◆ Exercise ◆
Retyping the entries exactly is all that is required.
▼
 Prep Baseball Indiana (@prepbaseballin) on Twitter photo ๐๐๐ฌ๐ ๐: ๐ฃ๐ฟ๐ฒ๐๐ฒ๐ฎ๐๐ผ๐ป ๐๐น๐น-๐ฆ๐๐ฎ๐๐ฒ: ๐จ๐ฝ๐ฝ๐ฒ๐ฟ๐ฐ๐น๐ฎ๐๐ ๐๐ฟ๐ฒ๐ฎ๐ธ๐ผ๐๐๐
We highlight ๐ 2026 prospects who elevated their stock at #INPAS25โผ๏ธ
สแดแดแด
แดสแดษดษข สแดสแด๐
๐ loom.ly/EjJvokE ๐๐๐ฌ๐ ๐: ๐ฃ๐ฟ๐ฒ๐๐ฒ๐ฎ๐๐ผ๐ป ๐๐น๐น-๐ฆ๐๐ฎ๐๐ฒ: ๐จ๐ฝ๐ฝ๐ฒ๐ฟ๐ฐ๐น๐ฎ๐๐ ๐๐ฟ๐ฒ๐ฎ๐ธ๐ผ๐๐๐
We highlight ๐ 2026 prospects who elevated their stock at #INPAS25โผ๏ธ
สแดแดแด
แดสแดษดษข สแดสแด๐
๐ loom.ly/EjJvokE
▲
◆ Solution ◆
 Prep Baseball Indiana (@prepbaseballin) on Twitter photo ๐๐๐ฌ๐ ๐: ๐ฃ๐ฟ๐ฒ๐๐ฒ๐ฎ๐๐ผ๐ป ๐๐น๐น-๐ฆ๐๐ฎ๐๐ฒ: ๐จ๐ฝ๐ฝ๐ฒ๐ฟ๐ฐ๐น๐ฎ๐๐ ๐๐ฟ๐ฒ๐ฎ๐ธ๐ผ๐๐๐
We highlight ๐ 2026 prospects who elevated their stock at #INPAS25โผ๏ธ
สแดแดแด
แดสแดษดษข สแดสแด๐
๐ loom.ly/EjJvokE ๐๐๐ฌ๐ ๐: ๐ฃ๐ฟ๐ฒ๐๐ฒ๐ฎ๐๐ผ๐ป ๐๐น๐น-๐ฆ๐๐ฎ๐๐ฒ: ๐จ๐ฝ๐ฝ๐ฒ๐ฟ๐ฐ๐น๐ฎ๐๐ ๐๐ฟ๐ฒ๐ฎ๐ธ๐ผ๐๐๐
We highlight ๐ 2026 prospects who elevated their stock at #INPAS25โผ๏ธ
สแดแดแด
แดสแดษดษข สแดสแด๐
๐ loom.ly/EjJvokE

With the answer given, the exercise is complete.